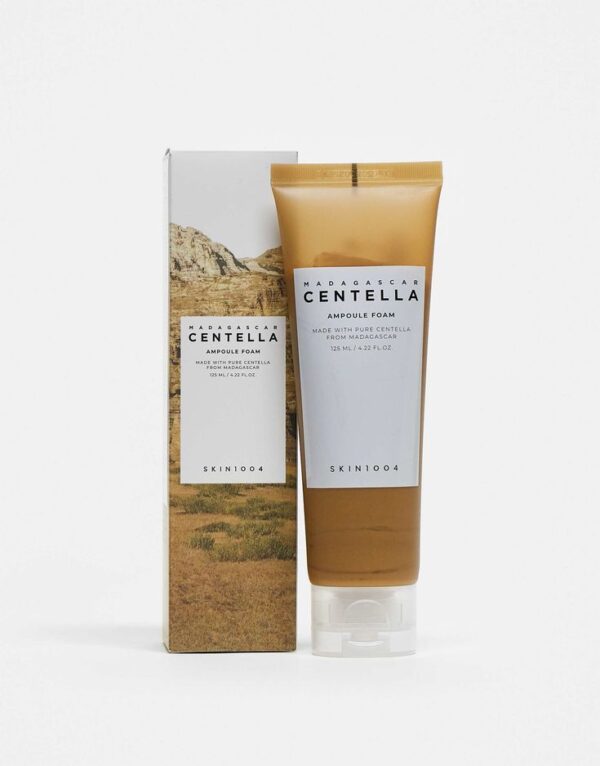 [Skin1004] Madagascar Centella Ampoule Foam-Korean skincare.pk - Image 2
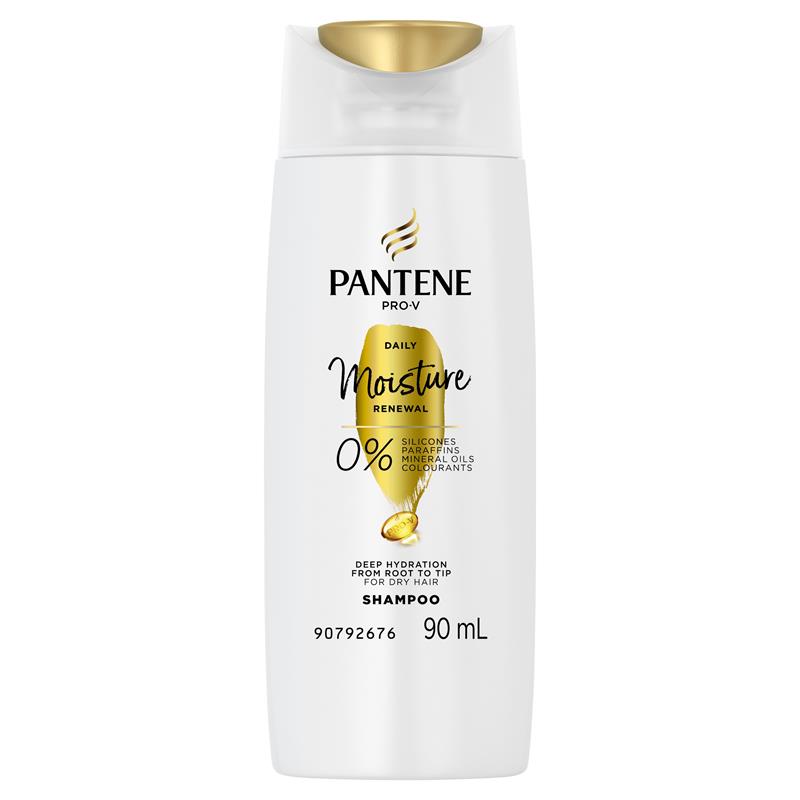 szampon pantene 90 ml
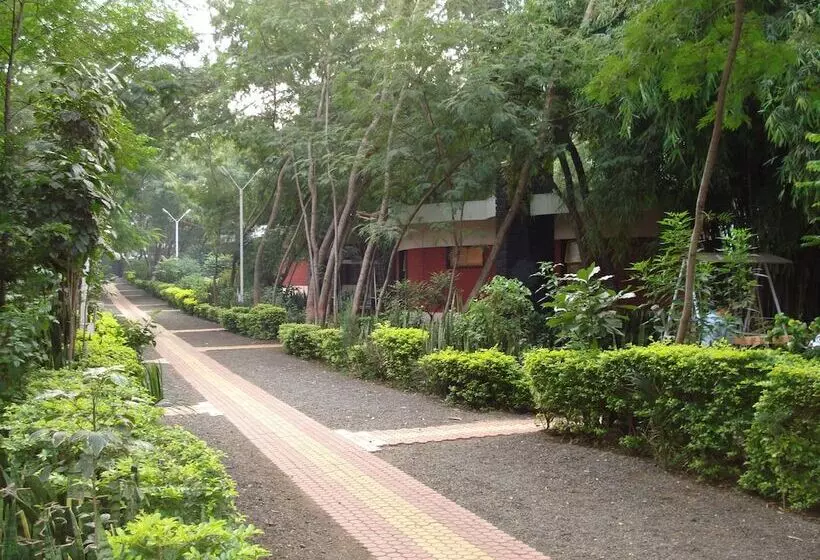 Hôtel Tapovan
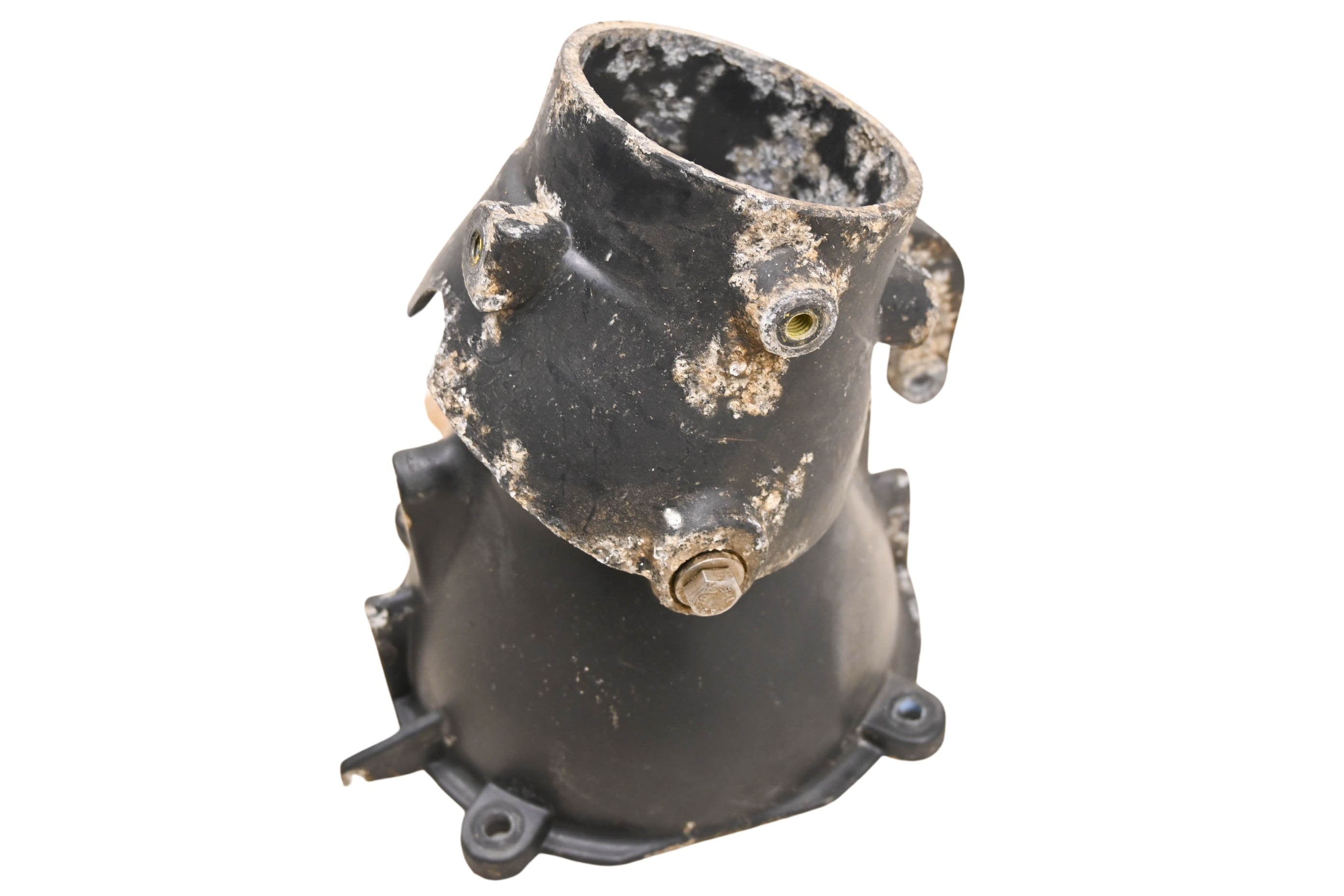 06 Sea-Doo RXT 215 Steering Nozzle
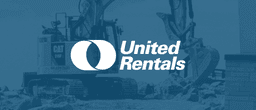 United Rentals Equips 1600+ Locations with Trusted ...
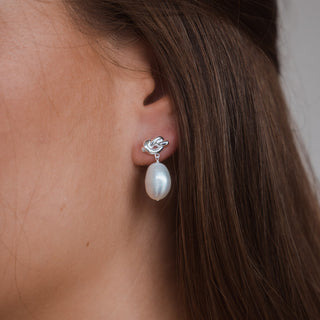 Boucles d'oreilles Lari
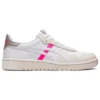 Japonya S “Beyaz/Pembe”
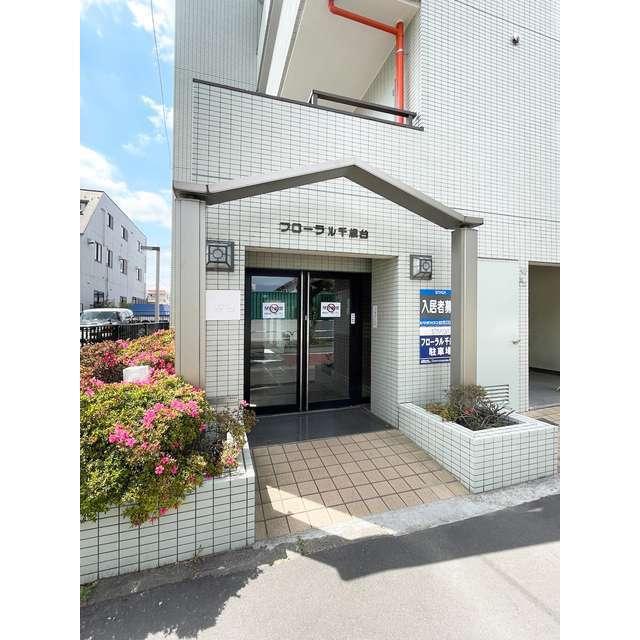 9/14 エントランス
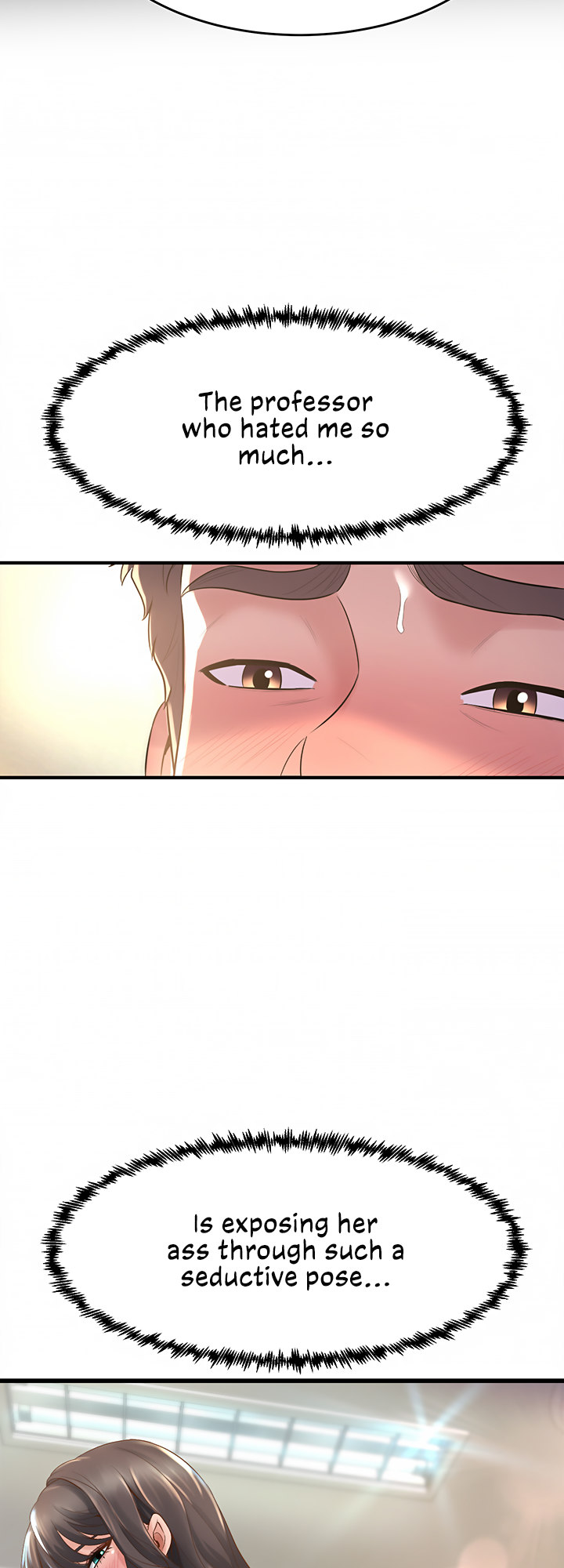 Dance Department’s Female Sunbaes Chapter 14 Page 7
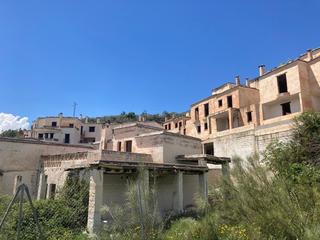 Zweistöckige Wohnung in Pago de la cañada, mecina bombaron s/n. Vivienda en venta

━━━━

* [Work to complete]: Repeat the lines from the line containing "Boucles d'oreilles Lari" through the end of the material above exactly, with no pictures and nothing else.

* [Problem solution]:
 Boucles d'oreilles Lari
 Japonya S “Beyaz/Pembe”
 9/14 エントランス
 Dance Department’s Female Sunbaes Chapter 14 Page 7
 Zweistöckige Wohnung in Pago de la cañada, mecina bombaron s/n. Vivienda en venta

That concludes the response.